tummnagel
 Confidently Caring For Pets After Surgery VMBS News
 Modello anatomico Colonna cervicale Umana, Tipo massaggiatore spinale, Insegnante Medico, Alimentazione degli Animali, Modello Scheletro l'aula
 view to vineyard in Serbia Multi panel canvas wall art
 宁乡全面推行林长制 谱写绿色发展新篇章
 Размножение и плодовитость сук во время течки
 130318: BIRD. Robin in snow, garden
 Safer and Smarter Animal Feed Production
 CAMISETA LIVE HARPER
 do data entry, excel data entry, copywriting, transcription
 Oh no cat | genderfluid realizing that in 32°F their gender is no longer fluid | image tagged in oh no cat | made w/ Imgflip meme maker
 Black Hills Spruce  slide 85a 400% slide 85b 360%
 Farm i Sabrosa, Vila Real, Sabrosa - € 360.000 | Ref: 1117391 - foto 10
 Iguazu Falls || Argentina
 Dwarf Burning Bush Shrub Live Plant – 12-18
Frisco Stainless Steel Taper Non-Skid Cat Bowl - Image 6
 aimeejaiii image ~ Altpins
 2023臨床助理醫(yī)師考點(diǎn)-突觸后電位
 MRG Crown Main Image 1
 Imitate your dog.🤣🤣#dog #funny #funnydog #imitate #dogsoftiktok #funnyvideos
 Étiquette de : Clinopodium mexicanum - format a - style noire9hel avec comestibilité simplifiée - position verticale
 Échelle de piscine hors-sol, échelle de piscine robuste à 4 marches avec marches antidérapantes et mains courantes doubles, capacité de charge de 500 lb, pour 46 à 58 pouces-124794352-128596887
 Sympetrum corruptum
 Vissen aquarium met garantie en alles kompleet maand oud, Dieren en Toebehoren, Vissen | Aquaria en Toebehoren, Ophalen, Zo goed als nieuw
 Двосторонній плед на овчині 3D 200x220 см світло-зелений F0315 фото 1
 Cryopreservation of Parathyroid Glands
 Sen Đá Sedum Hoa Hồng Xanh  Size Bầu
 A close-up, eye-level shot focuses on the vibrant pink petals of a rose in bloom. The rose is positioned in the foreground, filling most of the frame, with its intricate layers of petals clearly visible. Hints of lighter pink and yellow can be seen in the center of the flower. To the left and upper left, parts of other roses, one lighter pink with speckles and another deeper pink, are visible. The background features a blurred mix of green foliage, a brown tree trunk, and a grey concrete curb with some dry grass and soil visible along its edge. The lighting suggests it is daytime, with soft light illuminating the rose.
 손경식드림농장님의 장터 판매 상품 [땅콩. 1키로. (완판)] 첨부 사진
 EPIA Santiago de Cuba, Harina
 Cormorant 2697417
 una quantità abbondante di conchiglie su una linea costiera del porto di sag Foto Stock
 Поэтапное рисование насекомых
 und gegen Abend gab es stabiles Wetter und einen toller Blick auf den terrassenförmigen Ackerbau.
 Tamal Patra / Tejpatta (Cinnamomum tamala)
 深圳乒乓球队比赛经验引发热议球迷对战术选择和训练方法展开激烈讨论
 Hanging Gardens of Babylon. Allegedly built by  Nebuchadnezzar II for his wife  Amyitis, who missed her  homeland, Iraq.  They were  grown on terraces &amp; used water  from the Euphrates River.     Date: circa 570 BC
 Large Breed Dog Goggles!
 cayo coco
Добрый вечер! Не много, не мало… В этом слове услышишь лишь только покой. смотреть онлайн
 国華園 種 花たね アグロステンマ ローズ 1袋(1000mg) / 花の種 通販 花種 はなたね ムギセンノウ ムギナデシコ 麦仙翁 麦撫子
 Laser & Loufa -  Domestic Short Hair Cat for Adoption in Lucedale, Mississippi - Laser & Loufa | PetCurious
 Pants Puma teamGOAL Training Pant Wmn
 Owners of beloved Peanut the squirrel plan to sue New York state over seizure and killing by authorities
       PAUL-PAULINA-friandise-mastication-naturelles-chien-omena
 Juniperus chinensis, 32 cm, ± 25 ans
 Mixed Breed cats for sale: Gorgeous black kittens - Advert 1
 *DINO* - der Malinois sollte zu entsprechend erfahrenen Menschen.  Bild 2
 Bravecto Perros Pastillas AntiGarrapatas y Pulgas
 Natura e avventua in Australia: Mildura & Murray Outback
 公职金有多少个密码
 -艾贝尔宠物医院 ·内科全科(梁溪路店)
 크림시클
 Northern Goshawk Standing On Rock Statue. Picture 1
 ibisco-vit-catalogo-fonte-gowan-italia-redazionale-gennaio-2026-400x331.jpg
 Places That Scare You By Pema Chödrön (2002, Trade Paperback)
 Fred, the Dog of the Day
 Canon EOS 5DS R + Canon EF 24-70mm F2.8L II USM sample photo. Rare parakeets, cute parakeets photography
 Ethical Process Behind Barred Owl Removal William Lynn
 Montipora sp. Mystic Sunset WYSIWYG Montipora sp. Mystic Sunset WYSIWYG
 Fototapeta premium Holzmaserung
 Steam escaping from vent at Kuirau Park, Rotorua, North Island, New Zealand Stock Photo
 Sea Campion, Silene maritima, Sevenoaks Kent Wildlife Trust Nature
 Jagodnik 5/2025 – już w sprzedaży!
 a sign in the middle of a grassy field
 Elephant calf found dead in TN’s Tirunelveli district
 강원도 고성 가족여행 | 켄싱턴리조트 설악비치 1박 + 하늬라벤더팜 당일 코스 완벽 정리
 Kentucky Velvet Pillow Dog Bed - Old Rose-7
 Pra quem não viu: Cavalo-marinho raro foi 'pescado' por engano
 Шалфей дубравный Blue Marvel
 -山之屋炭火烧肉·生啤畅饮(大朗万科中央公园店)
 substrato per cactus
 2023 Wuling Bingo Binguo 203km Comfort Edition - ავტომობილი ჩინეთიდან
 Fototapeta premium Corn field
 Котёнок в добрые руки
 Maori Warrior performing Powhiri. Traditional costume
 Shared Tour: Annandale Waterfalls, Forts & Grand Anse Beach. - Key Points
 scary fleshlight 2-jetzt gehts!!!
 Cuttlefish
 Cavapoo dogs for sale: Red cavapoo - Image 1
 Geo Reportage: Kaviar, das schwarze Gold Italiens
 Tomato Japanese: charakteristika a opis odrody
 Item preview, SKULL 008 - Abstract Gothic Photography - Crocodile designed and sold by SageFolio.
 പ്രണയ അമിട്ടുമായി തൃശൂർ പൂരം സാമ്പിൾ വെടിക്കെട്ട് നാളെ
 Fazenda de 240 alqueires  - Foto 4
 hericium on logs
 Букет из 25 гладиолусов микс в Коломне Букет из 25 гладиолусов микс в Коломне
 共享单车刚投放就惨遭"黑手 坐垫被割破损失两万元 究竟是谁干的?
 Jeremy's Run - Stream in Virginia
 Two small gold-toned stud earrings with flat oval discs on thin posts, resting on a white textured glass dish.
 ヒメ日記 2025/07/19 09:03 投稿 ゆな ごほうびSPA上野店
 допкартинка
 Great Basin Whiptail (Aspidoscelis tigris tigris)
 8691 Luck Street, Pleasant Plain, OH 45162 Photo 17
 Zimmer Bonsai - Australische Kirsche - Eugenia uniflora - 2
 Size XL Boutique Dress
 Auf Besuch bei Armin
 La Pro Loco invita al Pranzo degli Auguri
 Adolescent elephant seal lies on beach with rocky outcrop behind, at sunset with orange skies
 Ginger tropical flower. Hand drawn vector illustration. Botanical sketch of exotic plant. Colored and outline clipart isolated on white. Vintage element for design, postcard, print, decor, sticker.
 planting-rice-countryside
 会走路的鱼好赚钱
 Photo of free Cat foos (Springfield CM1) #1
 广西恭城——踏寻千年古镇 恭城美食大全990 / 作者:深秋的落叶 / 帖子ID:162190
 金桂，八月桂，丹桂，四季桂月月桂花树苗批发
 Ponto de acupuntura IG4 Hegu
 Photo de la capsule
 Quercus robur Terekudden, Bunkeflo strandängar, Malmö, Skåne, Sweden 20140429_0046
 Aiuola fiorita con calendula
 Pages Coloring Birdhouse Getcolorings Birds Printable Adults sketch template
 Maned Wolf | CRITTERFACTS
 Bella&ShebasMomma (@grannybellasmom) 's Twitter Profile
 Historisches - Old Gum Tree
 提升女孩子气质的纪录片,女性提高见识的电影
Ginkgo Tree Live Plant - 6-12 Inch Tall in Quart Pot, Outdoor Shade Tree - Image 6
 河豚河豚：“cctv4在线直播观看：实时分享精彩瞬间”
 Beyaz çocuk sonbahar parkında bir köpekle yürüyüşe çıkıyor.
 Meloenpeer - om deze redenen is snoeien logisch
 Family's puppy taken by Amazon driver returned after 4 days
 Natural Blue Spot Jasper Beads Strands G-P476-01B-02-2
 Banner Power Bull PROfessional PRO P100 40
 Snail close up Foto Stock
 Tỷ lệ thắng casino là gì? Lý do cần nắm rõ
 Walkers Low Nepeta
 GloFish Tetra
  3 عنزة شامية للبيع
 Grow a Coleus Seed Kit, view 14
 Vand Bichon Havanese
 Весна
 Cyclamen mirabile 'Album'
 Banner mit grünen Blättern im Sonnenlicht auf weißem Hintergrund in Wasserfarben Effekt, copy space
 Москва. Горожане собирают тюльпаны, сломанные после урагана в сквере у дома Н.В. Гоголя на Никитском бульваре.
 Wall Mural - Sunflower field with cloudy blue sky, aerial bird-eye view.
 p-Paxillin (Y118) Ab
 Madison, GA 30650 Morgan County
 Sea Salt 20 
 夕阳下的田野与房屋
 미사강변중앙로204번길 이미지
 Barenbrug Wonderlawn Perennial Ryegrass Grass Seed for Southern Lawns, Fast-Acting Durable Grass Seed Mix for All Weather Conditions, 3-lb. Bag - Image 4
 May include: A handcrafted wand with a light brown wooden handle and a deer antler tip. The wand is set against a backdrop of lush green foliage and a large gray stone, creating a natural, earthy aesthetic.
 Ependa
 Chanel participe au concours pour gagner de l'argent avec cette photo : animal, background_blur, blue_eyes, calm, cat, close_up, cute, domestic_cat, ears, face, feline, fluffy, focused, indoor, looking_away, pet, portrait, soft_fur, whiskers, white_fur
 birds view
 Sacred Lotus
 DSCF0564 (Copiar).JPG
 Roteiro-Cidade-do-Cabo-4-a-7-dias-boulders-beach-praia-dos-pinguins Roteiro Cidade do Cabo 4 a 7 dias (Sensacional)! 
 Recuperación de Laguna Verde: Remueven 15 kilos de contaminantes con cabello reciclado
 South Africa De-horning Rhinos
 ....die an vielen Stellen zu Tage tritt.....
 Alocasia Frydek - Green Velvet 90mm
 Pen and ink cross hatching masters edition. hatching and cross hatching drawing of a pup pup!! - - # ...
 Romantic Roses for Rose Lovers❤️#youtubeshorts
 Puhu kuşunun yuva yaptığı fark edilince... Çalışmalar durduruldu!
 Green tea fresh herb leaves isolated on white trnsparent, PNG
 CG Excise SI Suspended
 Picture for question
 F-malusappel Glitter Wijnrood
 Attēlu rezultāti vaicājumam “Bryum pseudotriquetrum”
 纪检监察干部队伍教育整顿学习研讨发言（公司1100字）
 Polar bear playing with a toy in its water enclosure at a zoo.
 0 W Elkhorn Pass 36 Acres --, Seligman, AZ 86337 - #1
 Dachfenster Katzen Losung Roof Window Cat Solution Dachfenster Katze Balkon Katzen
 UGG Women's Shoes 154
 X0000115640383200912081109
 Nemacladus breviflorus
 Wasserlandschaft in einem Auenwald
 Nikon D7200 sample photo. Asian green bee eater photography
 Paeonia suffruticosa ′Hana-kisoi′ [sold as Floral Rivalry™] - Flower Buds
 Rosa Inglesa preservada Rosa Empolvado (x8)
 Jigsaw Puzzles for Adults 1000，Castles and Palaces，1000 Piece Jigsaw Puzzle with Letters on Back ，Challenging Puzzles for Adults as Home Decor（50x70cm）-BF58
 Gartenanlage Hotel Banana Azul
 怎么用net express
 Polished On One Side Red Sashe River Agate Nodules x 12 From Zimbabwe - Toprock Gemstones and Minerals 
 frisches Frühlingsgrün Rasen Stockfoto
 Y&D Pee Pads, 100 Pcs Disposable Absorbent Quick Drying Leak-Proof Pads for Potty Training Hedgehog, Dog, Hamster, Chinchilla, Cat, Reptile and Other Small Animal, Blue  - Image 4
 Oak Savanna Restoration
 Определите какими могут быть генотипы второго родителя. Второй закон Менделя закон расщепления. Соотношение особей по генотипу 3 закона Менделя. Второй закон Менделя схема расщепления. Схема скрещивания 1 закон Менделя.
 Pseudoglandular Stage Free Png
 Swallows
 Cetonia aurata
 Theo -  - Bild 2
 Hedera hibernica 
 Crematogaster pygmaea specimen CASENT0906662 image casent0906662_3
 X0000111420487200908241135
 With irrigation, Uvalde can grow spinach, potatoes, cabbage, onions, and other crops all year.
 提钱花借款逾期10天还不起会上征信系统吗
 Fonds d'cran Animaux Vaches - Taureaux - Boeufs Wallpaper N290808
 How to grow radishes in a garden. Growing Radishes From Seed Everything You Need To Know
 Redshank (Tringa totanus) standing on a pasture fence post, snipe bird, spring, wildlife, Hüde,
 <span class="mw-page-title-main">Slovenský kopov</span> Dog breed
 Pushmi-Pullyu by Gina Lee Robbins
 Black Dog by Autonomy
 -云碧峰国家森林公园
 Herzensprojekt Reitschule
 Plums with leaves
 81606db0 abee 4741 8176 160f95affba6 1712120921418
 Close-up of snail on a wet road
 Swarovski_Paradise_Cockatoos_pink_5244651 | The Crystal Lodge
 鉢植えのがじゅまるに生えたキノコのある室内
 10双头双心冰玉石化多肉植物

··········

**Directions for this task**
Check every line of the data for the string "sold". Give the number of lines that have it, and only that.

**Your response**
2